Central to BII’s mandate is a firm commitment to responsible investing. Our Policy on Responsible Investing (‘the Policy’) sets out the environmental, social and business integrity requirements (ESG) that our Investees are expected to meet after an investment is made. The Policy also presents recommended practices on emerging issues that we believe will become increasingly important over the next 5 years.

Investing in difficult geographies or smaller businesses sometimes means that standards fall short, but in these cases a plan must be put in place to make the necessary improvements. The Policy promotes a narrative that lies at the centre of our impact mandate, emphasising the link between good E&S and BI practices, commercial success and sustainable development impact.

BII’s Policy was most recently updated in 2021 to reflect the evolution of standards and policies within BII and internationally. Prior to this, the Policy was last updated in 2017. Compared to the old Code of Responsible Investing, the new policy provides greater detail, nuance and clarity on our requirements, our expectations, and the risks we believe will be important for businesses to be aware of and managed over the next 5 years.

Rationale for the Policy

As an impact investor, British International Investment plc (BII) has a dual mandate: to deliver responsible and sustainable development impact and to make sustainable financial returns. As a responsible investor, we place significant value on the role we play as an enabler of better E&S and BI outcomes through the investments we make.

We believe that, by applying international standards including the International Finance Corporation’s (“IFC”) Performance Standards, and the UN Guiding Principles on Business and Human Rights, and by meeting relevant local legal requirements, our Investees can achieve the outcomes we value, whether that is protecting workers, the environment and local communities, or reducing bribery and corruption. Applying these standards can also produce tangible financial benefits and opportunities for their businesses, including improved access to markets and capital, increased customer trust and brand value, cost efficiencies and better stakeholder relations.

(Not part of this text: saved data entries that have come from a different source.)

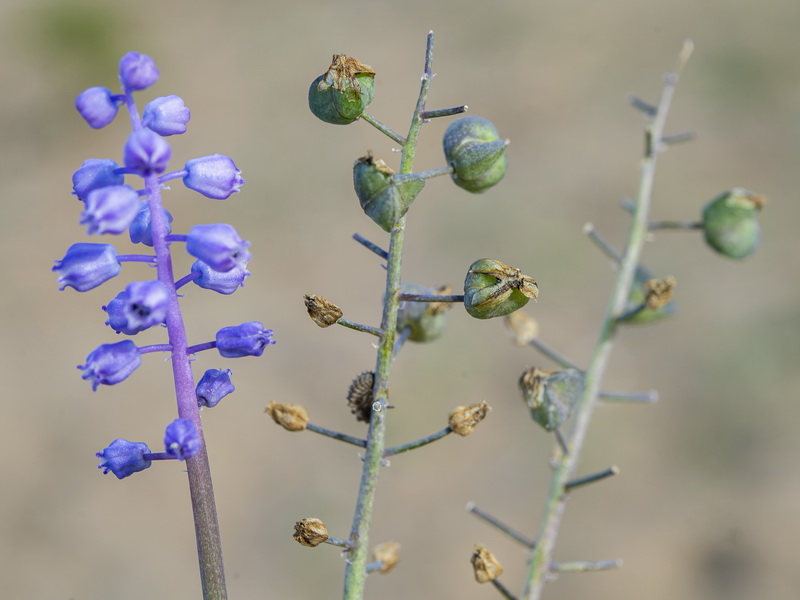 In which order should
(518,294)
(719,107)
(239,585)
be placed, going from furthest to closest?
(719,107) → (239,585) → (518,294)

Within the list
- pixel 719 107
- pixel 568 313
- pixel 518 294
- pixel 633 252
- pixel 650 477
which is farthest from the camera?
pixel 719 107

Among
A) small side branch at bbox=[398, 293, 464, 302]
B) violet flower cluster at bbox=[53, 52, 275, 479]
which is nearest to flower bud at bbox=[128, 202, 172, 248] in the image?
violet flower cluster at bbox=[53, 52, 275, 479]

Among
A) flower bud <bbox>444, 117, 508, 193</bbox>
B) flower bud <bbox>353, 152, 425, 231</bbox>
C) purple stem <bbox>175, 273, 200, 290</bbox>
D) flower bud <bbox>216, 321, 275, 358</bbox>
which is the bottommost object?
flower bud <bbox>216, 321, 275, 358</bbox>

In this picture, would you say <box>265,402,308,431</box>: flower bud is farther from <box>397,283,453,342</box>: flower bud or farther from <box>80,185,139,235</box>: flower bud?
<box>80,185,139,235</box>: flower bud

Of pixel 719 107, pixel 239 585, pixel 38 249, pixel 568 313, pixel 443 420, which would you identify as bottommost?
pixel 239 585

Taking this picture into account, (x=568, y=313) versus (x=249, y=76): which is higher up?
(x=249, y=76)

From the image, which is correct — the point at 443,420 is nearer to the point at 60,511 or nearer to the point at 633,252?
the point at 60,511

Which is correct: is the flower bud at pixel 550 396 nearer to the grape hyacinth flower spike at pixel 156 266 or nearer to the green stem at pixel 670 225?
the green stem at pixel 670 225

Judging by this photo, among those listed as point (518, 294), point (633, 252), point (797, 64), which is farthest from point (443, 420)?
point (797, 64)

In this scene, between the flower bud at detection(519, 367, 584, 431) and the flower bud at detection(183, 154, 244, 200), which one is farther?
the flower bud at detection(519, 367, 584, 431) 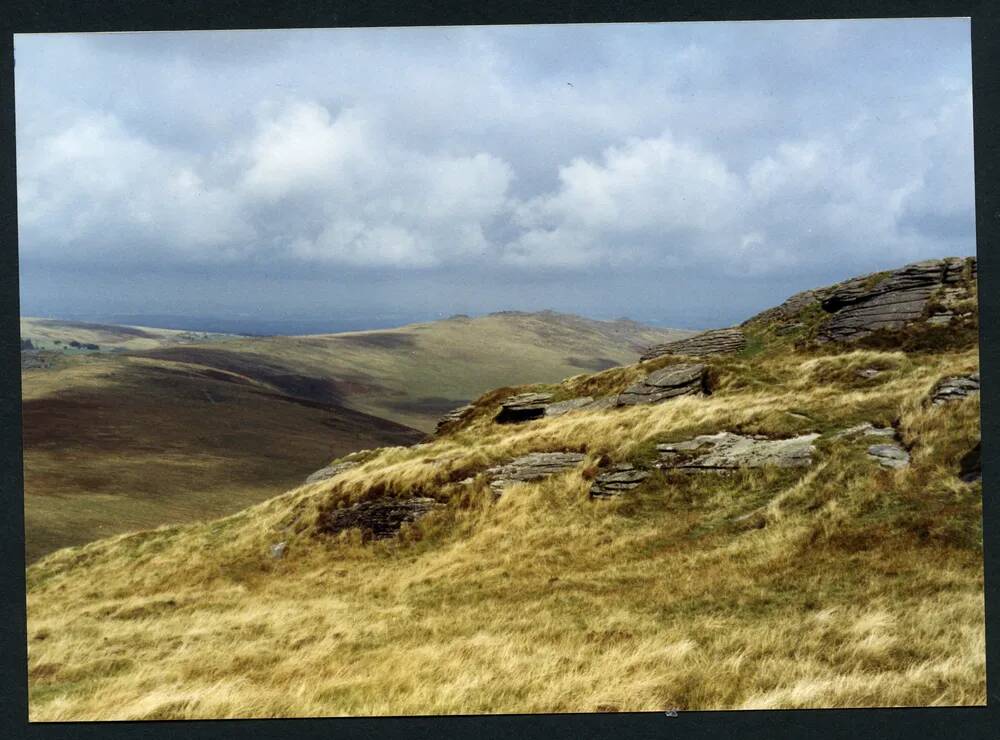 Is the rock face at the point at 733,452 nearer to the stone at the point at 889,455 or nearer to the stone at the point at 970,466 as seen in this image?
the stone at the point at 889,455

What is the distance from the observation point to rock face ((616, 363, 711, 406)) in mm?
21234

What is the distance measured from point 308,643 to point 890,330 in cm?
2384

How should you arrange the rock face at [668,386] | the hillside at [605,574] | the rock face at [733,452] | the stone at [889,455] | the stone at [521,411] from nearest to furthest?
the hillside at [605,574] → the stone at [889,455] → the rock face at [733,452] → the rock face at [668,386] → the stone at [521,411]

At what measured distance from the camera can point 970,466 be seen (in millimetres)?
10539

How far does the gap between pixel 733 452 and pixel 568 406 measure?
37.6ft

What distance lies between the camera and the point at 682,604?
368 inches

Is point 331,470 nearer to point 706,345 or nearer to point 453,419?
point 453,419

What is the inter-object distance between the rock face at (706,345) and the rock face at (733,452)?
1507 centimetres

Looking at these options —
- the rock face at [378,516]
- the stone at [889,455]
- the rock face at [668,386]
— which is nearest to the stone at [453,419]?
the rock face at [668,386]

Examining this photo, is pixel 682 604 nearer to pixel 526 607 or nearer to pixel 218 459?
pixel 526 607

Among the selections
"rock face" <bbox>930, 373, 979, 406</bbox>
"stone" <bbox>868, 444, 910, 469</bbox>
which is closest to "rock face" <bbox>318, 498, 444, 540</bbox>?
"stone" <bbox>868, 444, 910, 469</bbox>

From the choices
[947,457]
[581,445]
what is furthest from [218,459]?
[947,457]

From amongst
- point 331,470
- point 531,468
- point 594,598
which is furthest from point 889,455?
point 331,470

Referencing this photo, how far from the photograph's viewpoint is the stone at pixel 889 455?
11680 millimetres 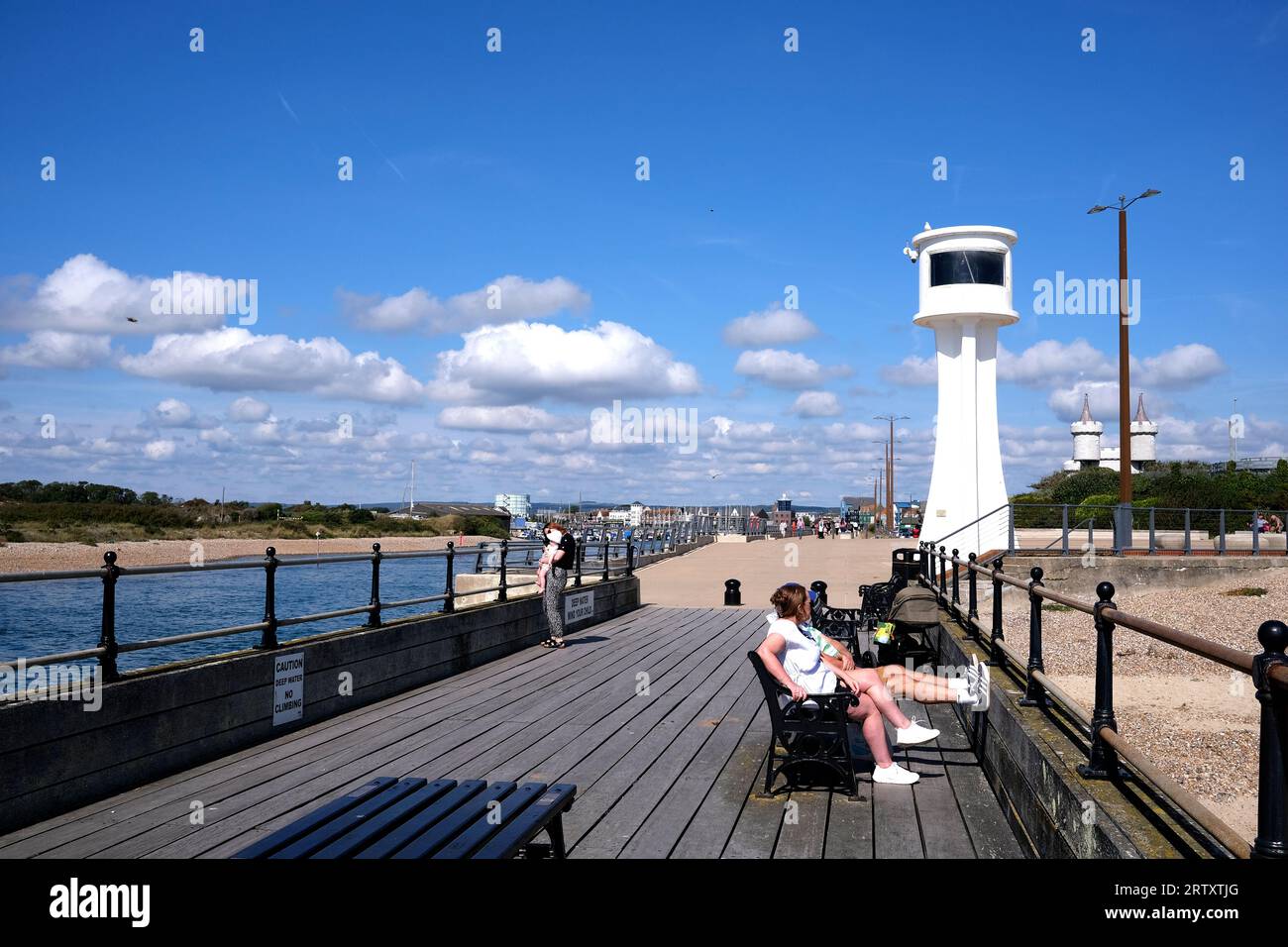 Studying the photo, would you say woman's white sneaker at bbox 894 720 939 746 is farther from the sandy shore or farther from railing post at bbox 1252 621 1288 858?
the sandy shore

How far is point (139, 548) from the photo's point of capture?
2320 inches

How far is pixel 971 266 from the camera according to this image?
106 ft

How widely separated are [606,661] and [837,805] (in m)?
6.36

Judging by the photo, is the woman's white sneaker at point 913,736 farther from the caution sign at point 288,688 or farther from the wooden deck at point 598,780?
the caution sign at point 288,688

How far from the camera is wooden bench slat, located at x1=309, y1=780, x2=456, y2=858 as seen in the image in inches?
135

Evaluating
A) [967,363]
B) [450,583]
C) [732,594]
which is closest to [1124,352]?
[967,363]

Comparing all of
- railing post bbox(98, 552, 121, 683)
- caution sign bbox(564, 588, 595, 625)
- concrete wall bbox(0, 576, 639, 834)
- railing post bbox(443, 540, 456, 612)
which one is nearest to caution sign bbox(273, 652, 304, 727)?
concrete wall bbox(0, 576, 639, 834)

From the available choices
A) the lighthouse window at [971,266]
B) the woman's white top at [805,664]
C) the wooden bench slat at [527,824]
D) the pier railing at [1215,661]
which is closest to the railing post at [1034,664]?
the pier railing at [1215,661]

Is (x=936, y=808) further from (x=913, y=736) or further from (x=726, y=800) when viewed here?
(x=726, y=800)

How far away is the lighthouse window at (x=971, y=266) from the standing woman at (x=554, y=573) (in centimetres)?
2272

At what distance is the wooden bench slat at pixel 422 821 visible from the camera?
3.46 meters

We seek to help Investees manage their risks and pursue opportunities to enhance E&S and BI performance in a way that encourages the outcomes we want to see as a responsible investor, while at the same time enabling them to realise the business benefits that prudent E&S and BI management can confer. A business that operates in this way represents a better overall investment for us and for society as a whole.

Structure of the Policy

Our Policy on Responsible Investing (the Policy) is set out in four sections:

  • Section 1 describes our vision as an impact investor, explains how the Policy fits with our other commitments and policies, outlines how we provide assurance in relation to our Environmental and Social (E&S) and Business Integrity (BI) risk governance systems, and how we respond to any potential adverse impacts of our investments.
  • Section 2 describes, for the benefit of our current and prospective Investees, our requirements in relation to E&S and BI practices.
  • Section 3 describes good practices that are not mandatory for our Investees, but which we believe will deliver business benefits over time.
  • Section 4 provides an outline of our investment process and describes how E&S and BI risks and opportunities are integrated into investment decisions and portfolio management.
  • The Annexes provide more detail on the requirements described in Section 2 and good practices described in Section 3.

Policy sponsor

As the sponsor of this Policy, our General Counsel is responsible for reviewing and submitting the Policy to our Board of Directors for approval at appropriate intervals (typically on a five-year basis and in line with the updates to our Strategy and Investment Policy). As this is an area where requirements and policy expectations are evolving, it is anticipated that the Policy will be updated after the five-year period.